Hello everyone, I’m having some different results when using the “all eukaryotes” and “Fungi” from UNITE databases, some of the taxa that show up when I use the “Fungi” database, can’t be found when using the “all eukaryotes” which I believed to contain all the “fungi” sequences, it was suggested to me to join both datasets, anyone knows how to do this joining, or have other suggestions to address this issue?

This is because the content of a database can impact results, e.g., if you have query sequences that are actually eukaryotes then using the fungi-only database would yield improper results.

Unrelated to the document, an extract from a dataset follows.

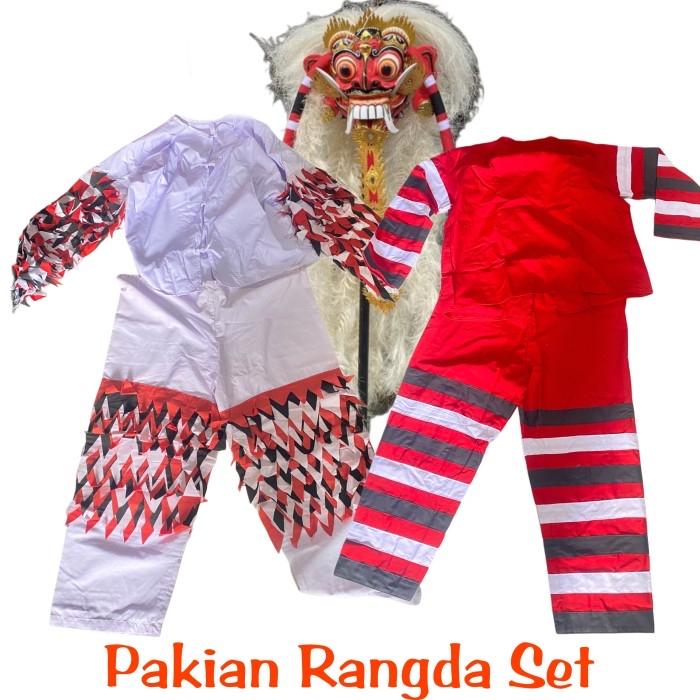 Pakaian Rangda Set - Baju Rangda Set - Baju penari Rangda - Pakian Tari Rangda - Pakian Penari Rang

Likewise, sequence similarity between fungi/other euks could impact classification of query sequences that cannot be confidently classified to one group or the other.

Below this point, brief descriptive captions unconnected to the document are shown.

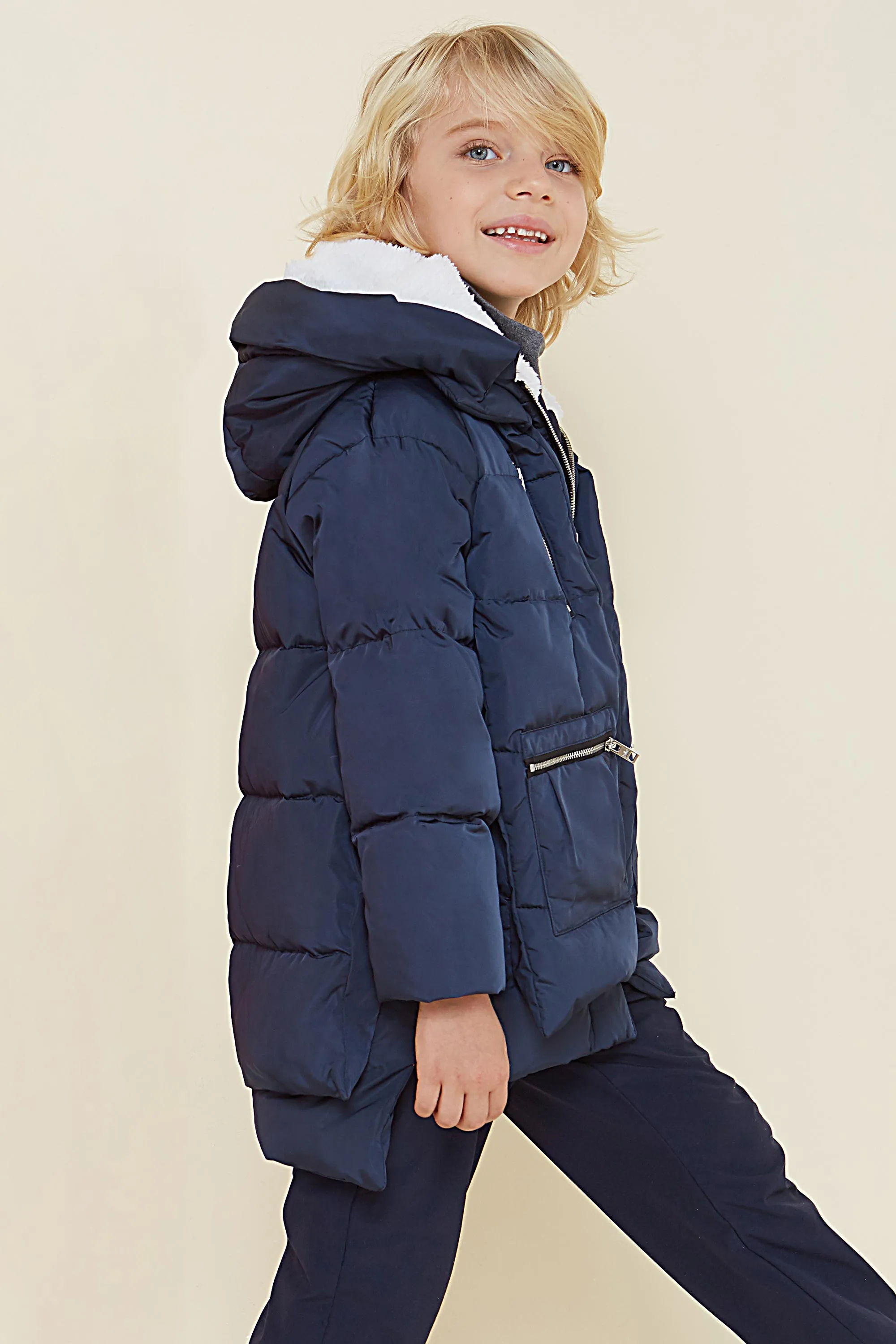 092 Classics Kids Thickened Hooded Down Coat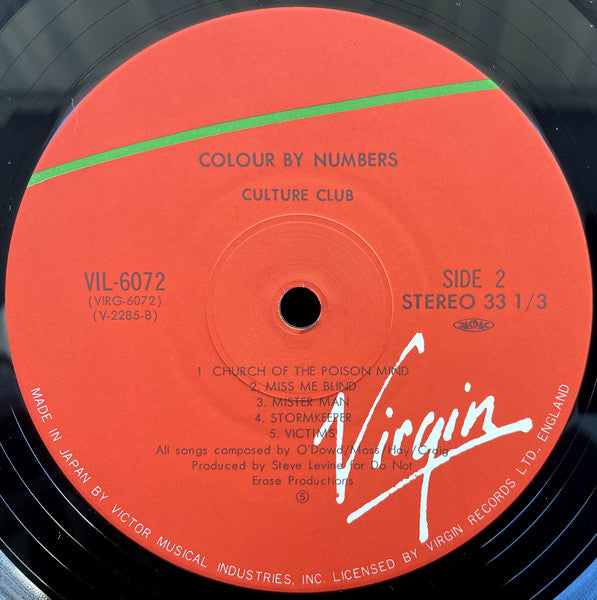 Colour By Numbers = カラー・バイ・ナンバーズ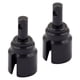 thumbnail image 2 of 2 Piezas RC Coche Diferencial Taza Acero Fuerte Accesorio Para 1:14 16208 14209 Negro, 2 of 3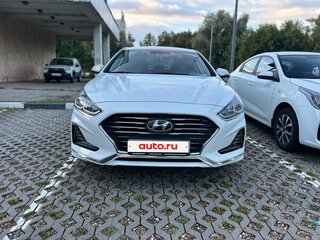 2019 Hyundai Sonata VII (LF) Рестайлинг, белый, 2050000 рублей, вид 2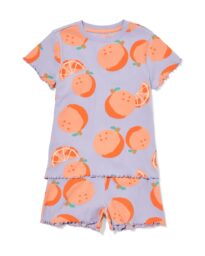 HEMA Kindershortama Rib Sinaasappel Lila (lila)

Yes as far as I know the fungi accessions are all found in the “all eukaryotes” release, just did a quick check to confirm in the latest UNITE release.

I would advise against this — for one, this will result in duplicate accessions, which will cause an error when you try importing this database into QIIME 2 (since all sequence IDs must be unique). For another, by duplicating these sequences you would just slow runtime, increase memory demands, and any performance increases would be artificial.

My advice is to stick with one database or the other, depending on how likely you expect to find non-fungal eukaryotes in your samples.

@Nicholas_Bokulich Thank you for your answer, I will consider it.